DATASET EXCERPTS:
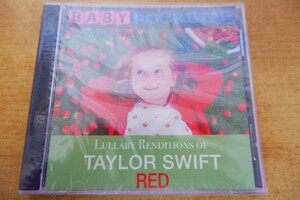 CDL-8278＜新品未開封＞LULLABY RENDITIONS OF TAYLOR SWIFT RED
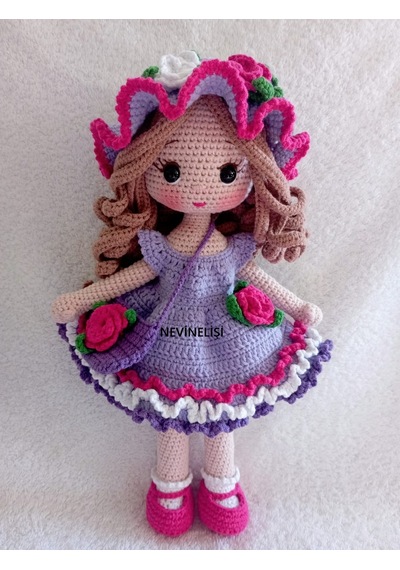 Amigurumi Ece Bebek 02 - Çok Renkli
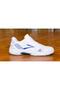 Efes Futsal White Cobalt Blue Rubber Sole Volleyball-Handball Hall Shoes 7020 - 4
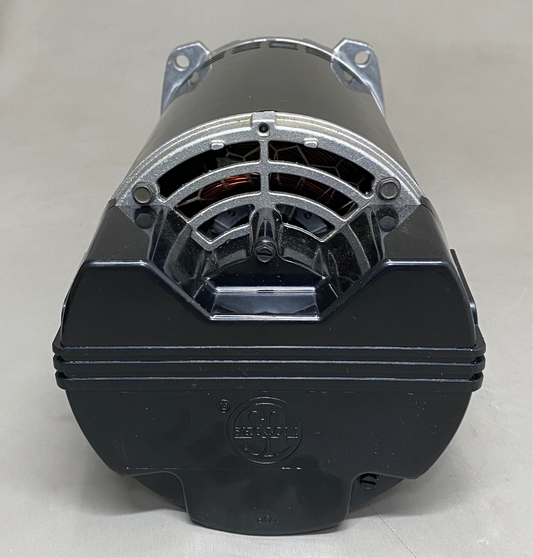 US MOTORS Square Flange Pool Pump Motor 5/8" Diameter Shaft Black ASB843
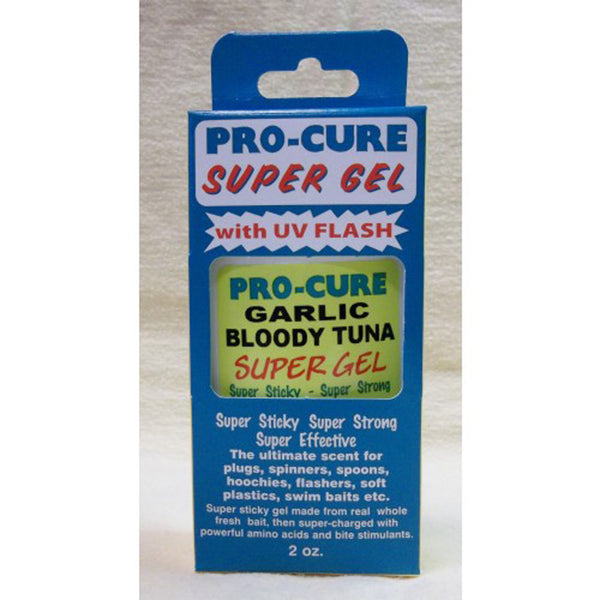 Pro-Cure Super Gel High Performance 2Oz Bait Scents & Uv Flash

EXERCISE BRIEF:
In the records above, find the line with "Amigurumi Ece Bebek 02 - Çok Renkli" and copy from it through the last line exactly, without the pictures.

RESPONSE TO THIS TASK:
 Amigurumi Ece Bebek 02 - Çok Renkli
 Efes Futsal White Cobalt Blue Rubber Sole Volleyball-Handball Hall Shoes 7020 - 4
 US MOTORS Square Flange Pool Pump Motor 5/8" Diameter Shaft Black ASB843
 Pro-Cure Super Gel High Performance 2Oz Bait Scents & Uv Flash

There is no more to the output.